Assessing Map Quality:

An Exampling Using Grid Soil Sample Data

by T.G. Mueller

BAE 599

Managing Data Files (Note that you will be learning how to import data from a text file into Arc GIS)

• Open explorer (hold the windows key and press "E" and release) and create a directory called "shelby_f16".  Keep explorer open. Click here to access the data for this exercise (chose to open the zip file rather than downloading; extract all into the "shelby_f16" directory). The Excel works books contain soil fertility data sets for Field 16 and the shape file is a polygon boundary of Field 16. In order to make fertility maps, we will need to convert these files from Excel worksheets into shapefiles.  I could have given you shapefiles but I want you to learn how to import table data from Excel into ArcGIS.  This is a very useful skill.

• Before we can convert the Excel worksheets into shapefiles, we must first convert each into database files (.dbf). In windows explorer (not internet explorer), hold the control key down, select the three Excel files (Field16_2000.xls, Field16_300, and Field16_val.xls) with your mouse. Push down the shift key and control key and double click on any of the three Excel files. All three excel fieles should open all three files. For each of the three excel files, do the following:

   

  • Select all the cells that are in the range  (press and hold the <control> and <shift> key simultaneously and type the number "8").  Go to format cells (<control> and "1"). For category click number and set decimal places to 8. Click ok. Then save as (while holding down the alt key, press the "F" key, and then the "A" key) a "DBF 4" files (click tab and hit the "d" key) and save (hit the tab key and then hit enter) in the "Shelby_F16" directory. Agree to keep it in the DBF format (hit the enter key). Remember to repeat for the other two excel files (to get to the next excel file hold the control key down and press the tab key).
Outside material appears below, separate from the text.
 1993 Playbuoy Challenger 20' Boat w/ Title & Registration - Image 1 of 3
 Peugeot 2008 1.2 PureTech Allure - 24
  When all the Excel files have been modified, close Excel (hold down the alt key and press the F4 key). Do not agree to make changes (click "no" three times). Open ArcCatalog and navigate to the "Shelby_F16" directory.  We need to convert each of the DBF files into shape file.  Do the following for each dbf file:

   

  • Click on a dbf file to select it. Right click, create feature class, and click on from xy table. Note that the longitude and latitude fields from the dbf file have automatically become the X and Y fields. Note that we won't define the coordinate system here because this version of ArcGIS is buggy and it doesn't work. For the first dbf file, do the following (otherwise go on to where it says "click OK"): Under output click on the folder button and navigate to the "Shelby_F16" directory (but do not select the any file names here) and click save (do this for the first DBF file only).

     

  • Click OK.  Repeat for the other two dbf files.

   

  • You have just turned your excel file into a shape file!!!!

   

• We will create a geodatabase where we will store the soils and field boundary information. In ArcCatalog. Right click on the "Shelby_F16" directory (left side of screen) and click new and then personal geodatabase. Change the name from "New Personal Geodatabase.mdb" to "Soils data.mdb". 

• To interpolate the soils data, we need to use Cartesian coordinates (not latitude longitude which are angular coordinates).  We will project the soils data into into the Kentucky State Plane North projection. But first we need to define the projection.

   

  • Defining the current projection. Open ArcToolbox. Under data management tools, click on Projections. Then double click on define projection wizzard (shapefiles, geodatabase). Then click on the yellow folder. Navigate to the "shelby_f16" folder. Hold down the control key and select all three XYfield16 shape files and the f16.shp file. Click add. Click next.  Then click on select coordinate system. Click select. Double click geographic coordinate systems. Double click on world. Double click WGS 1984.prj. Click ok. Note that we have just defined the data as geographic (latitude longitude). Click next. Click finish.  When you clicked on finish, that projection information became stored with each of the four shapefiles.

   

  • Changing the projection system. Double click on Project Wizard. Click on the yellow folder button. While holding down the control key, multiple select the same four shape files with your mouse. Click add. Click next. For the output location, click on the yellow folder button, navigate to the "Shelby_F16" directory", and then click only once on the "Soils data.mdb" geodatabase you created earlier. Click open. Click next. Click select coordinate system. Here we are telling ArcGIS to change the coordinate system to state plane. Click select. Click projected coordinate systems. Click state plane. Click "NAD 1983 Feet". Select "NAD 1983 StatePlane Kentucky North FIPS 1601 (Feet).prj" and click add. Click ok. Click next. While holding the control key down select all three files with your mouse. Click set transformation.  Here we are telling the computer which transformation algorithm to use. Click ok to accept the default. Click next. Click next. Then click finish.  You have just changed the projection  system from geographic to the Kentucky state plane north for all four four files.  If you had problems, click here to download the geodatabase.

Making Post Maps.

• Open ArcMap and click OK to start with a new empty map. Click on the add data button. Double click on the "Soils data.mdb" geodatabase. While holding the control key down, select the four Feature classes.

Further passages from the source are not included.